UPDATED 20:25 EST / JUNE 29 2023

CLOUD

Court filing shows Microsoft Azure generated lower-than-expected $34B in revenue in 2022

Documents filed by antitrust regulators in a U.S. court this week have finally shed some light on one of the cloud computing industry’s biggest secrets: the true size of Microsoft Corp.’s Azure cloud business unit.

A report today from The Information revealed that internal documents were briefly posted by federal antitrust regulators on a court website, showing that Azure generated about half of the revenue of Microsoft’s primary rival, Amazon Web Services Inc., in the 12 months ended June 2022. The documents were later removed from the court website.

Microsoft has kept the true size of its Azure cloud business unit as a closely held secret for years, preventing investors from understanding just how well it stacks up against AWS, which is widely considered to be the industry leader.

However, the unredacted documents showed that Azure generated $34 billion in revenue over that 12-month period, compared with $72 billion by AWS over the same time frame.

The revelation may come as a shock to some investors, as it means Azure’s market share in the cloud computing infrastructure business is several percentage points smaller than what most analyst firms had estimated. The Information says that the number may change investors’ perceptions of Microsoft’s cloud success, the implication being that officials have claimed it is more successful than it really is.

Unlike AWS and Google Cloud, which is believed to be the industry’s No. 3 operator, Microsoft has always refused to disclose Azure’s true revenue. Instead, Microsoft reports Azure’s numbers within its Intelligent Cloud business segment, bundled together with its Enterprise Services, Windows Server and SQL Server revenue.

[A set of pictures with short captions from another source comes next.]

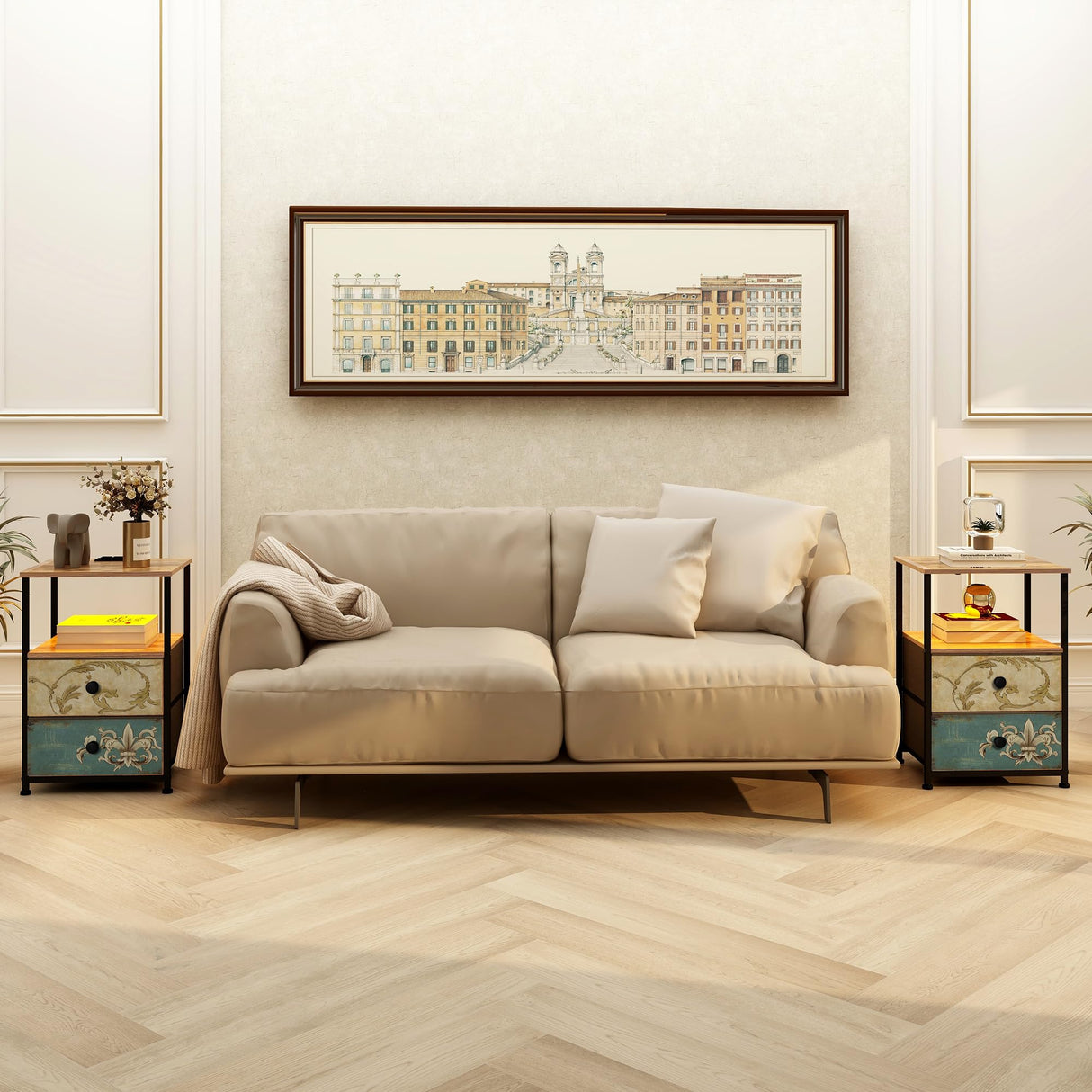 Tohomeor Nightstand with Charging Station USB Outlet and LED Light End Table Dresser with 2 Fabric Drawers Open Storage Shelf for Bedroom Living Room Sofa Beside (1, Multi) Tohomeor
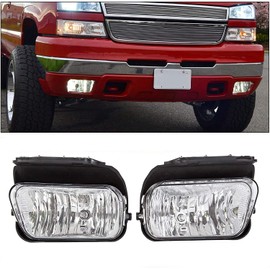HECASA Pair Bumper Fog Lights Compatible with 2003-2007 Chevy Silverado 2002-2006 Chevy Avalanche Fog Lamps w/Bulbs Replacement for 15190983 15190982 GM2593127 GM2592127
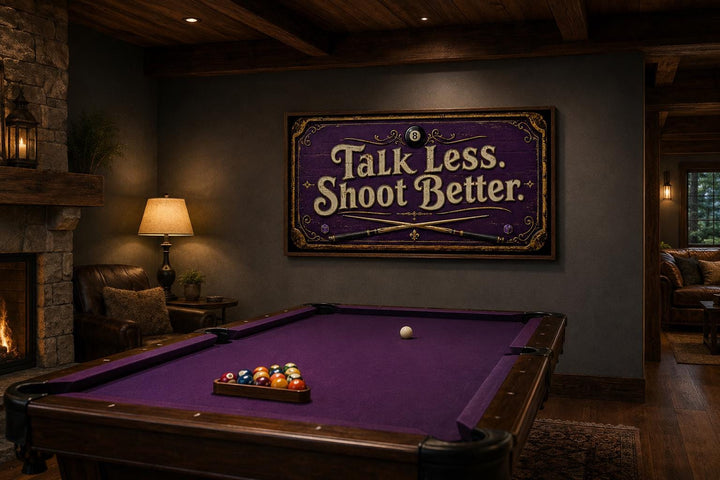 Talk Less Shoot Better Vintage Pool Hall Sign with Crossed Cues and 8-Ball, Purple Gold Billiards Wall Art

In its most recent third quarter fiscal 2023 earnings report, revenue from Intelligent Cloud came to $22.08 billion, up 16% from a year earlier and above Wall Street’s forecast of $21.94 billion. But investors had no way of knowing how much of that figure was generated by Azure.

Constellation Research Inc. analyst Holger Mueller called on Microsoft to consider finally disclosing Azure’s revenue to clear up investor’s concerns regarding any creative revenue attribution it might be doing. “Large software vendors have been found to be doing this more than once in the past, and while there’s no suggestion Microsoft is involved in any funny business, the only way to stay above such concerns is with greater transparency,” he said. “Microsoft is not obliged to share Azure revenue, but such transparency would be appreciated by customers and investors alike.”

Increased transparency would also shed more light on the profitability of the Azure business. Although the court filing reveals Azure’s revenue, there’s still no evidence to say whether or not the Azure business was profitable over the period ending June 2022. AWS has posted big profits from its cloud business since 2014, but Google Cloud has been far less successful, though in May it finally managed to post its first-ever profit.